• [DATA EXTRACT]:
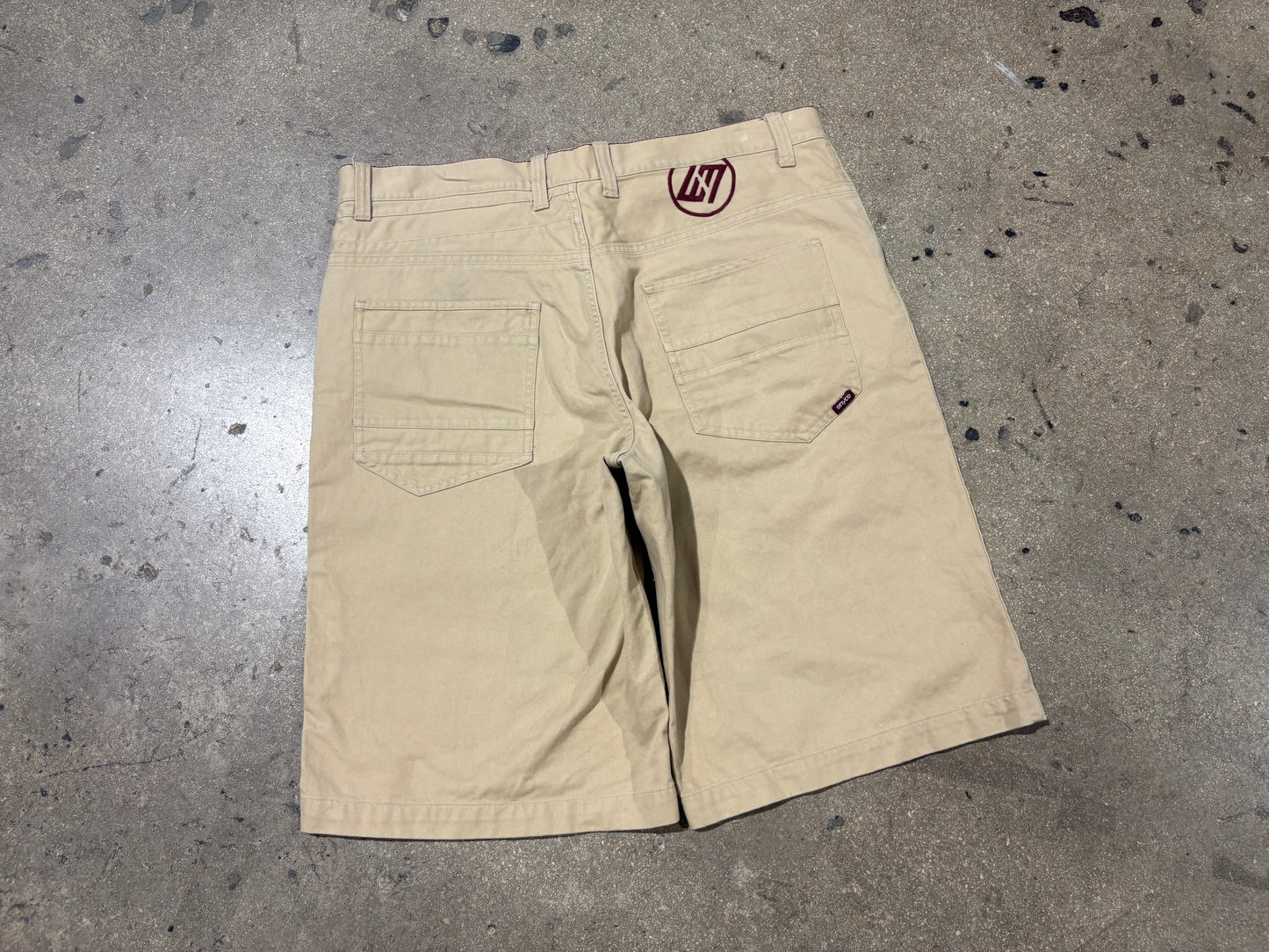 Enyce Baggy Jhorts - Khaki Size 38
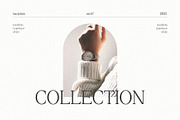 Vacation - Modern Serif Typeface, a Serif Font by Font Kingdom (Thumbnail 6 of 6)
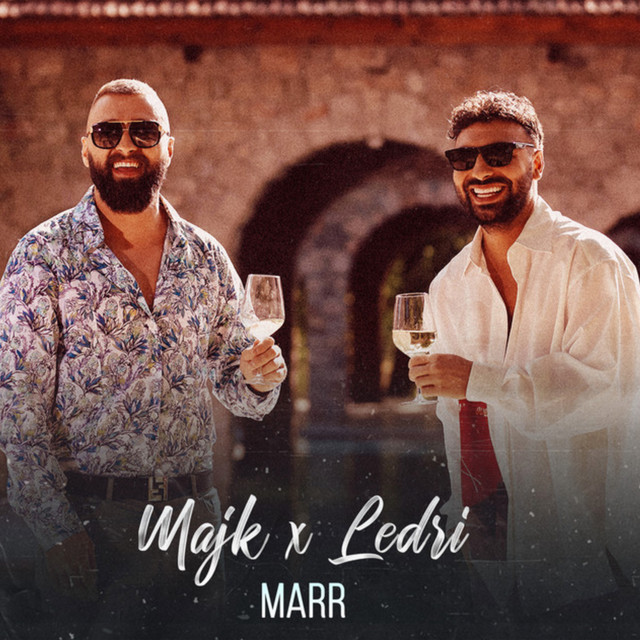'Marr' cover art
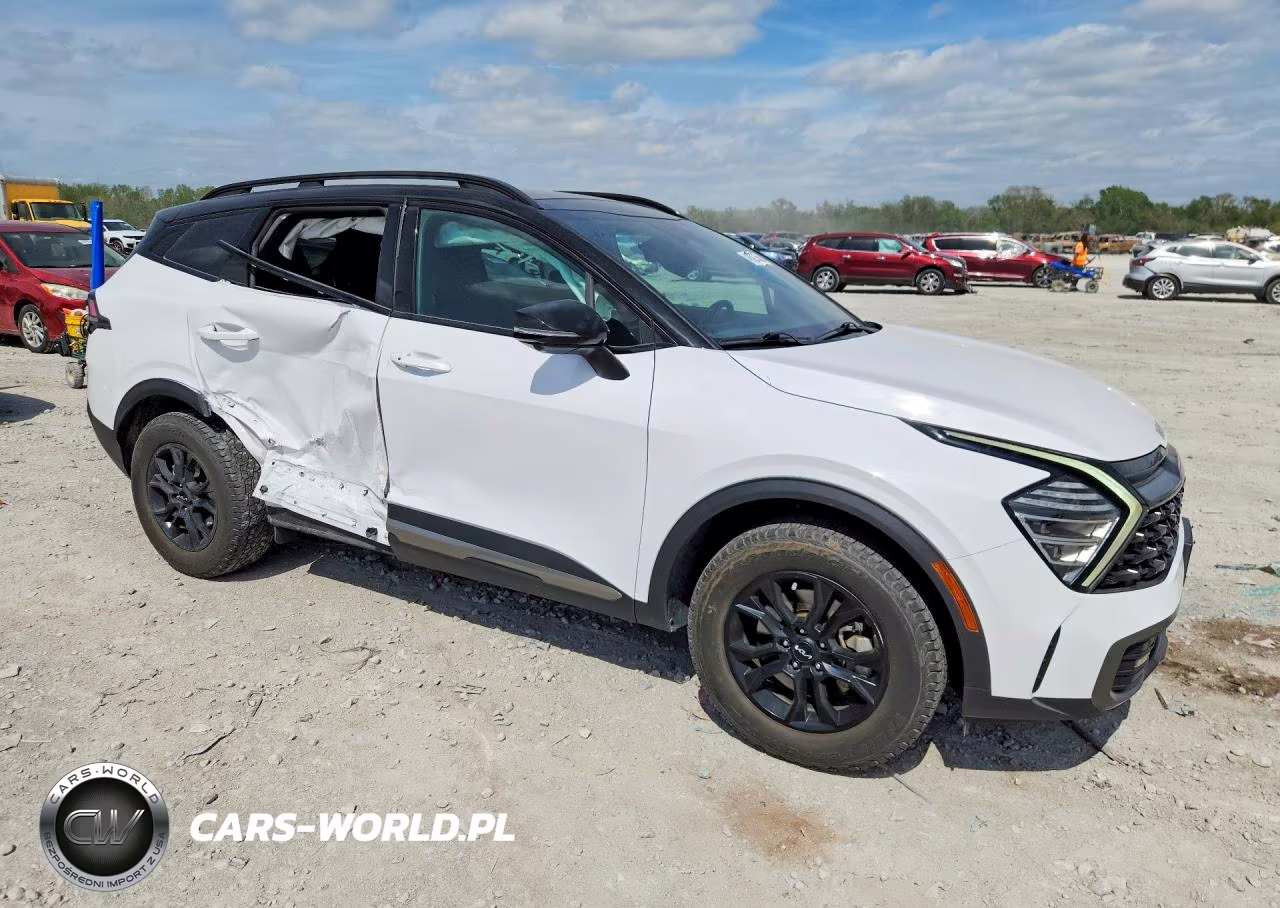 2023 Kia Sportage VIN:5XYK7CAF6PG040287 - 4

• [WORK REQUEST]:
Exactly as written, restate the lines from the one that contains "Vacation - Modern" through the final line of the data, both ends included, but leave out the pictures.

• [COMPLETED TASK]:
 Vacation - Modern Serif Typeface, a Serif Font by Font Kingdom (Thumbnail 6 of 6)
'Marr' cover art
 2023 Kia Sportage VIN:5XYK7CAF6PG040287 - 4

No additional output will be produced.